Functional characterization of DEMETER-like DNA demethylases during growth-dormancy cycles in poplar
- Conde Rodríguez, Daniel
- Pablo González-Melendi de León Co-directeur/trice
- Isabel Allona Alberich Co-directeur/trice
Université de défendre: Universidad Politécnica de Madrid
Fecha de defensa: 17 février 2017
- María Jesús Cañal Villanueva President
- Patricia Giraldo Carbajo Secrétaire
- María Carmen Díaz-Sala Galeano Rapporteur
- Pedro Crevillén Lomas Rapporteur
- Diego Sánchez Rapporteur
Type: Thèses
Résumé
ABSTRACT During their life cycle, plants are exposed to different environmental conditions that are often unfavorable. Their sessile condition has favored the acquisition of sophisticated molecular mechanisms that guarantee the plastic response to the different conditions faced during their development. Current advances indicate that changes in the functional state of chromatin by epigenetic modifications play important roles in the regulatory networks involved in plant responses to environmental cues. More specifically, several evidences in different plant species indicate that changes in the overall genomic DNA methylation promote tolerance to stressful environmental conditions, and also are associated with developmental programmed transition in response to the environment.

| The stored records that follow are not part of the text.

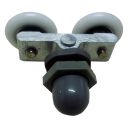 8x Türrolle M2 Rolle Glastürrolle Rollenführung Schiebetürbeschlag Dusche Tür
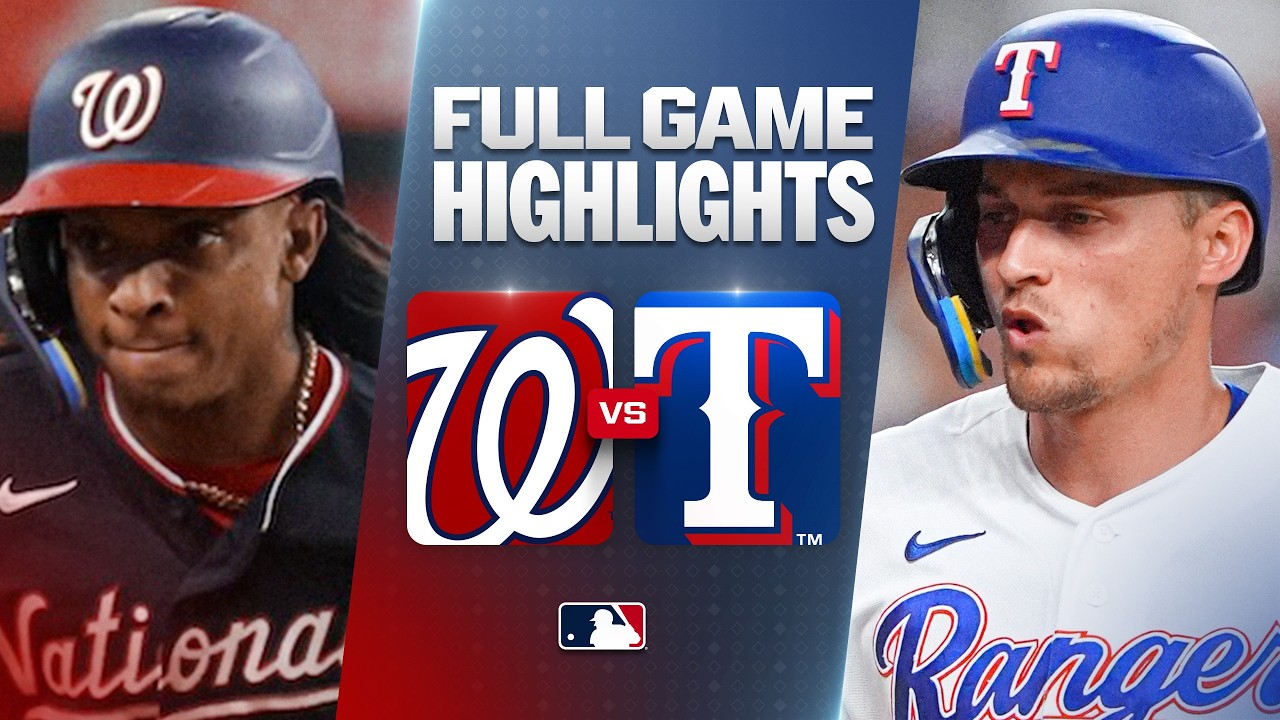 8월19일 워싱턴 텍사스 MLB 하이라이트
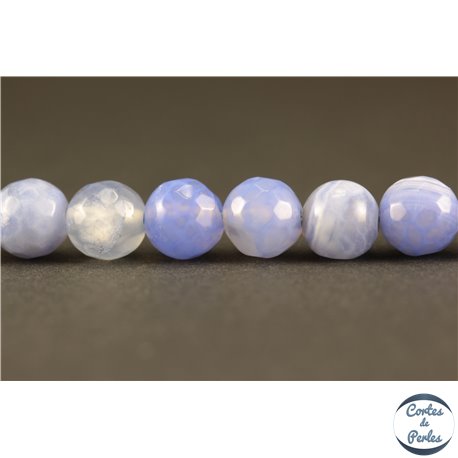 Perles semi précieuses en Agate - Rondes/6 mm - Light Blue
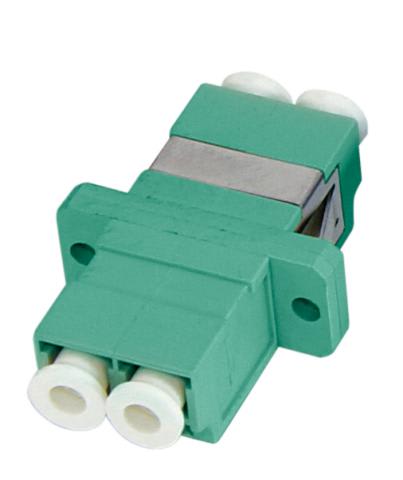 QUBIX SPA - QBX2007013OM3 BUSSOLA LC-LC DUPLEX MM OM3 AQUA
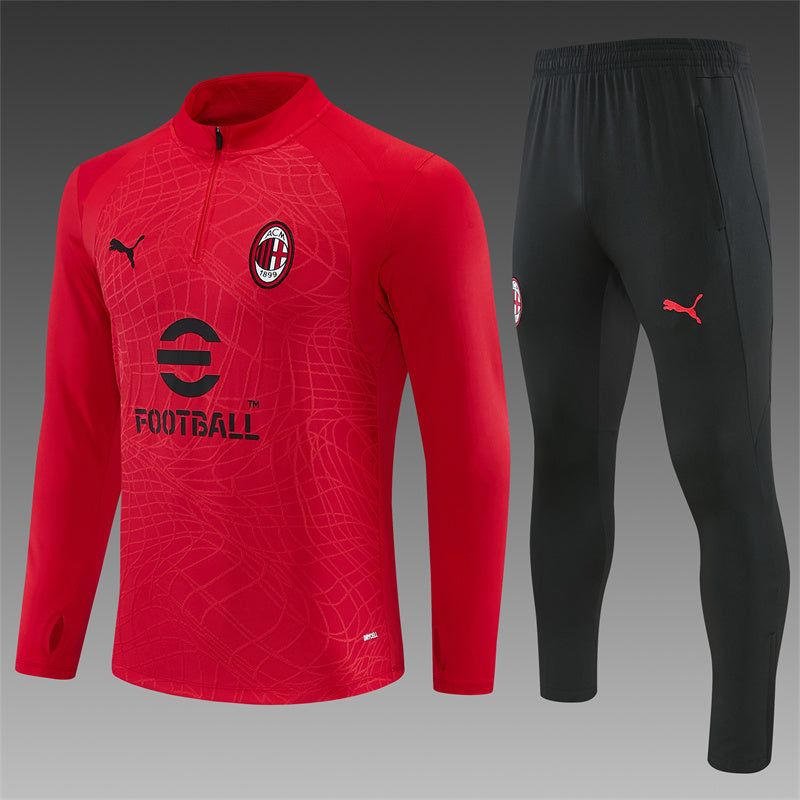 AC Milan Half-Pull Trainingspak 'Rood' 26/27 - VOLWASSENEN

The main aim of this doctoral thesis was to evaluate the involvement of DNA methylation in the control of the annual growth-dormancy cycle of trees, and the molecular characterization of hybrid poplar DEMETER like genes to evaluate their regulatory role in these transitions through modifying the DNA methylation profile. We performed an immunofluorescence-based protocol for the identification of epigenetic marks of closed and open chromatin states in hybrid poplar stems. The fluorescence signal of 5-methylcytosine was significantly higher in winter than in summer. Conversely, the fluorescence signal for acetylated Lys 8 of histone H4 was significantly higher in summer than in winter. Collectively, these results put forward an epigenetic control of winter dormancy in hybrid poplar stems. The DNA methylation pattern observed in the SAM, from dormancy to the time point of bud break, indicates that the reactivation of the cell cycle occurs after genomic DNA demethylation in hybrid poplar. In addition, we demonstrated that the active DNA demethylation carried out by DEMETER like 10 (PtaDML10) is required for bud break to allow the induction of cell metabolism genes needed for the reactivation of growth. Finally, we provide evidence that the chestnut DML (CsDML), the homolog of hybrid poplar PtaDML6, induces the bud formation needed for the survival of the apical meristem under the harsh conditions of winter, by inducing flavonoids biosynthesis accumulated in the SAM and bud scales during winter dormancy entrance.